DIRECTIONS: As you restate the entries, keep every word intact and leave out whatever images they hold.

(Dataset excerpts)
>>>

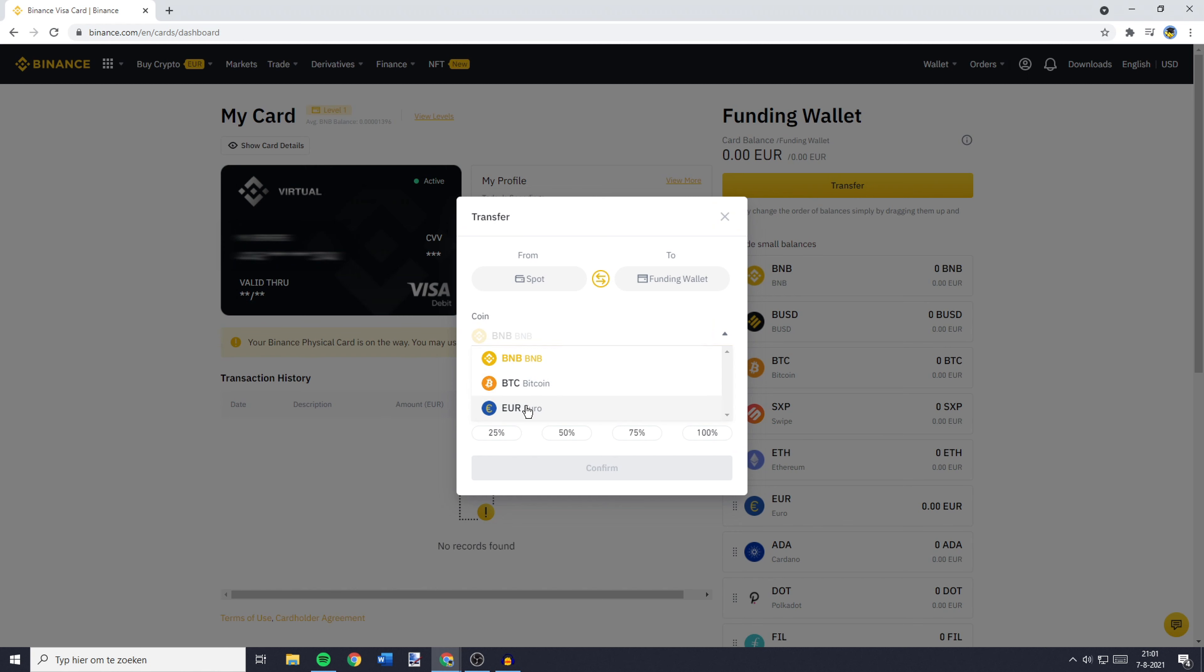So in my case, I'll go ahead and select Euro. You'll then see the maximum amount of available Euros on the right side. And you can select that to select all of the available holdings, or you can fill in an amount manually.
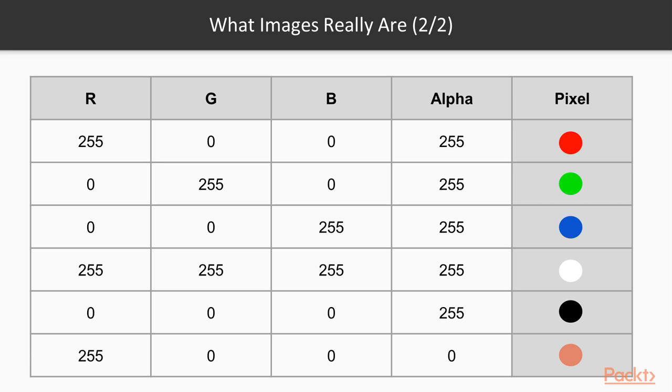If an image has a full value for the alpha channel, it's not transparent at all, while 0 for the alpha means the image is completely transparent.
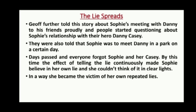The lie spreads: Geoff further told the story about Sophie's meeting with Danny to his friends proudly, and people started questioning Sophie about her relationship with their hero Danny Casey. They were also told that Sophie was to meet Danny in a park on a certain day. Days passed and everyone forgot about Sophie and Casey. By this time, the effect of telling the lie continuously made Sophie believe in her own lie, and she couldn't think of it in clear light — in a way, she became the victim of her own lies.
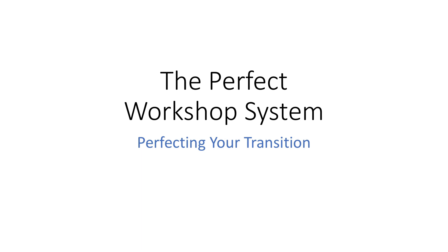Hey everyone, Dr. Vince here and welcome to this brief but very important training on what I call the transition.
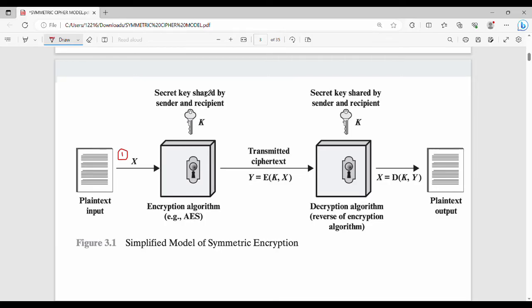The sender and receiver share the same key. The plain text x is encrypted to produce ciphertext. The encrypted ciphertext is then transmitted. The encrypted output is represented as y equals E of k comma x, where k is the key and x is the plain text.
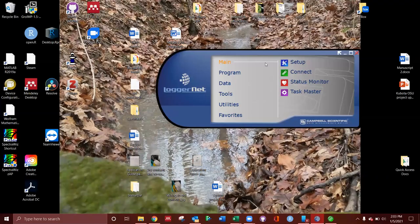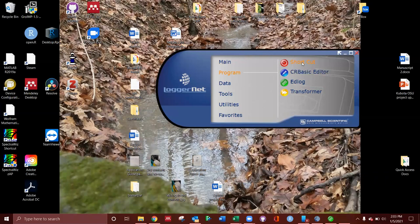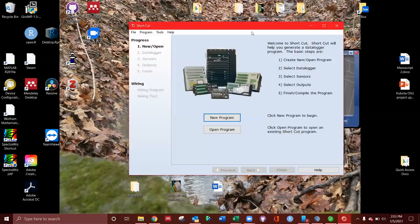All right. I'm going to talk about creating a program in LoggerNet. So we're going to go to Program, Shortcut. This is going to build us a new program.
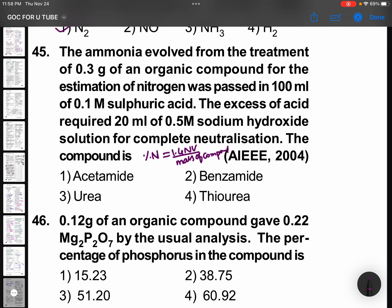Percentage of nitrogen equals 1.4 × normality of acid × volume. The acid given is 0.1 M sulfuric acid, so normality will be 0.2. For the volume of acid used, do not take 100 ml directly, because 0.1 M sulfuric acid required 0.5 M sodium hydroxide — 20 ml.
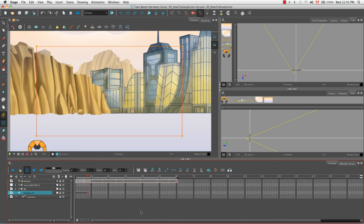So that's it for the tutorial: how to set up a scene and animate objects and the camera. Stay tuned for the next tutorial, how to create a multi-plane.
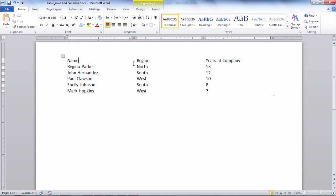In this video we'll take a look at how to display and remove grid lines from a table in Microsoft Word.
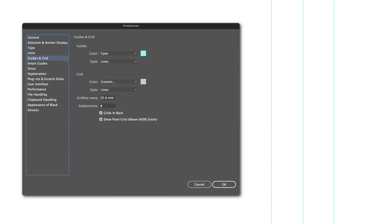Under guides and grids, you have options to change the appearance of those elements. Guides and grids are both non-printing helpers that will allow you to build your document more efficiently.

<<<

ANSWER SECTION:
So in my case, I'll go ahead and select Euro. You'll then see the maximum amount of available Euros on the right side. And you can select that to select all of the available holdings, or you can fill in an amount manually.
If an image has a full value for the alpha channel, it's not transparent at all, while 0 for the alpha means the image is completely transparent.
The lie spreads: Geoff further told the story about Sophie's meeting with Danny to his friends proudly, and people started questioning Sophie about her relationship with their hero Danny Casey. They were also told that Sophie was to meet Danny in a park on a certain day. Days passed and everyone forgot about Sophie and Casey. By this time, the effect of telling the lie continuously made Sophie believe in her own lie, and she couldn't think of it in clear light — in a way, she became the victim of her own lies.
Hey everyone, Dr. Vince here and welcome to this brief but very important training on what I call the transition.
The sender and receiver share the same key. The plain text x is encrypted to produce ciphertext. The encrypted ciphertext is then transmitted. The encrypted output is represented as y equals E of k comma x, where k is the key and x is the plain text.
All right. I'm going to talk about creating a program in LoggerNet. So we're going to go to Program, Shortcut. This is going to build us a new program.
Percentage of nitrogen equals 1.4 × normality of acid × volume. The acid given is 0.1 M sulfuric acid, so normality will be 0.2. For the volume of acid used, do not take 100 ml directly, because 0.1 M sulfuric acid required 0.5 M sodium hydroxide — 20 ml.
So that's it for the tutorial: how to set up a scene and animate objects and the camera. Stay tuned for the next tutorial, how to create a multi-plane.
In this video we'll take a look at how to display and remove grid lines from a table in Microsoft Word.
Under guides and grids, you have options to change the appearance of those elements. Guides and grids are both non-printing helpers that will allow you to build your document more efficiently.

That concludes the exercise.